Under the plan, the proposed school division for this corner of the province will reach from the U.S. border to Francis, east to the Manitoba border and west to Ogema. The plan would see South Central and Sunrise School Divisions amalgamate with Estevan Public and Estevan Rural divisions, as well as Souris-Moose Mountain School Division.

New provincial guidelines require all school divisions to serve a minimum of 5,000 students.

South Central Chair Audrey Trombley said the new plans are part of the Calvert government's continued punishment of rural voters in Saskatchewan.

The new school board boundaries will reduce the amount of provincial dollars going into the small city schools and allow more provincial spending in the larger city schools but nobody will see property tax reductions from the changes, she said.

"The new school divisions will continue to cost local taxpayers the same amount, without necessarily providing improvements to the education system," she said.

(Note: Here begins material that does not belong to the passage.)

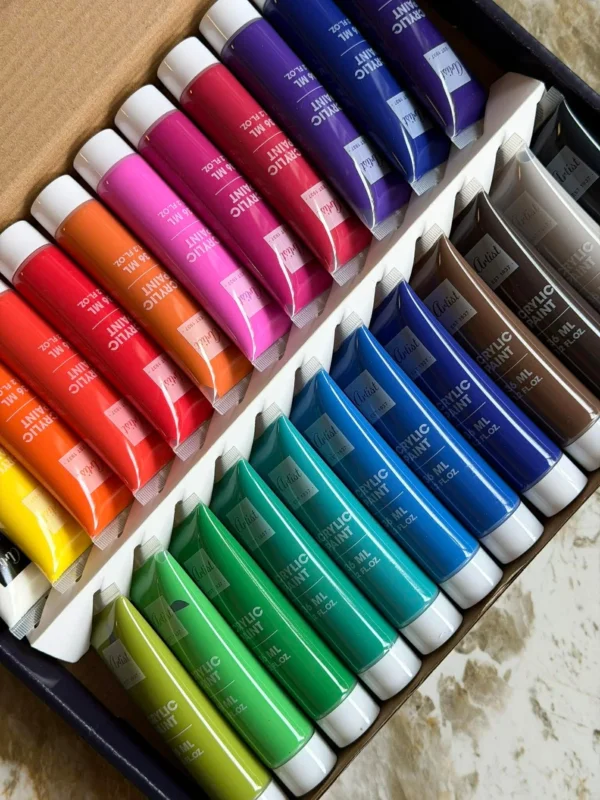 Acrylfarbe 36 ml - Set mit 24 Stk. Ideal zum Steine bemalen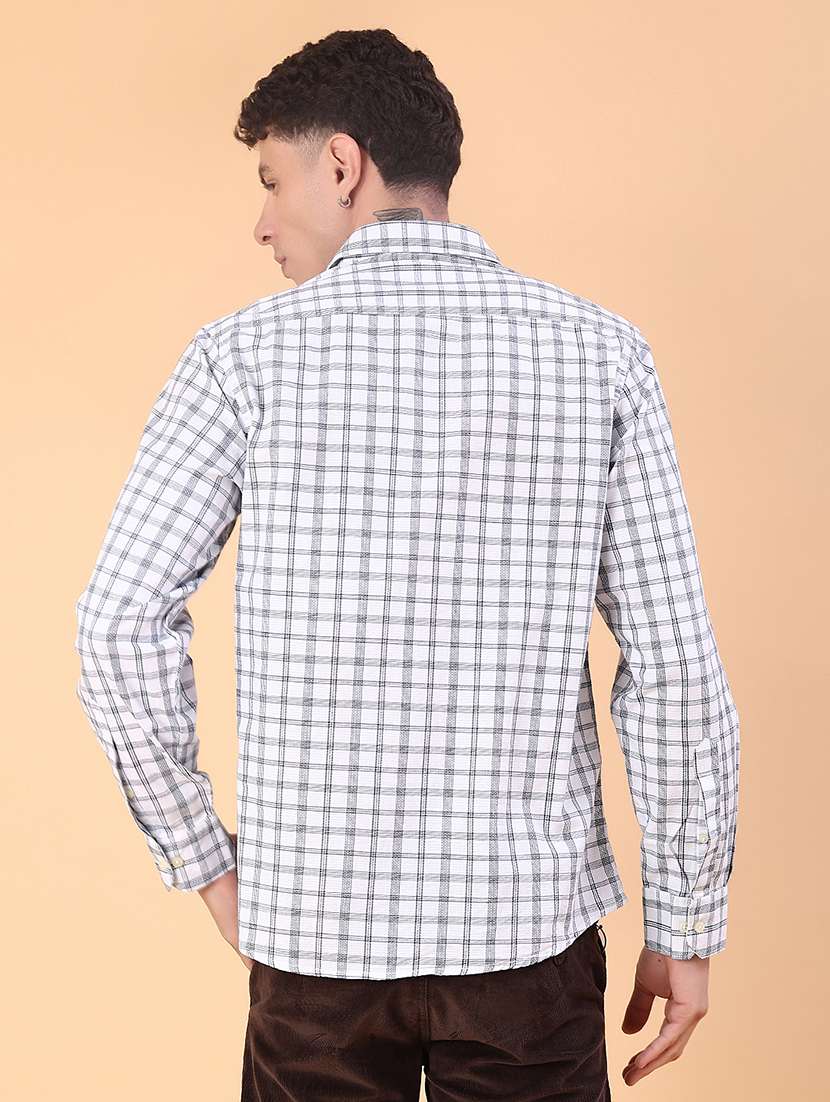 men checkered collared long sleeve shirt - 21997564 -  Standard Image - 3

South Central is currently a zero-grant board, meaning it receives no provincial grant money to help operate its schools and pays for the entire cost from local taxpayers. Sunrise Public Board currently receives about $3.6 million annually from the province.

Trombley said Manitoba school trustees warned this summer that amalgamation cost money there and continues to cost money. "It appears the only saving realized through amalgamation is school closures and teacher cuts," she said.

Trombley said the amalgamation of 59 public school divisions in Saskatchewan into a total of 13 will transfer rural tax assessments into the small cities like Weyburn. The end result is that the large, new boards outside the cities will receive fewer provincial dollars in total to educate their children, she said.

There will be no more rural boards that are not connected to city boards, said Trombley.

She said the provincial government is hinting that it's been forced into this amalgamation process because increased provincial school board grants in the past did not result in tax relief.

But, at the same time, the province increased education spending in past budgets, it also negotiated higher salaries for teachers and support staff, she said. School boards had to pay that and increased gas prices for transportation, she said.

So it's unfair for the province to suggest it has to take this avenue when the increased provincial grant did not meet the government's commitment for higher salaries, said Trombley.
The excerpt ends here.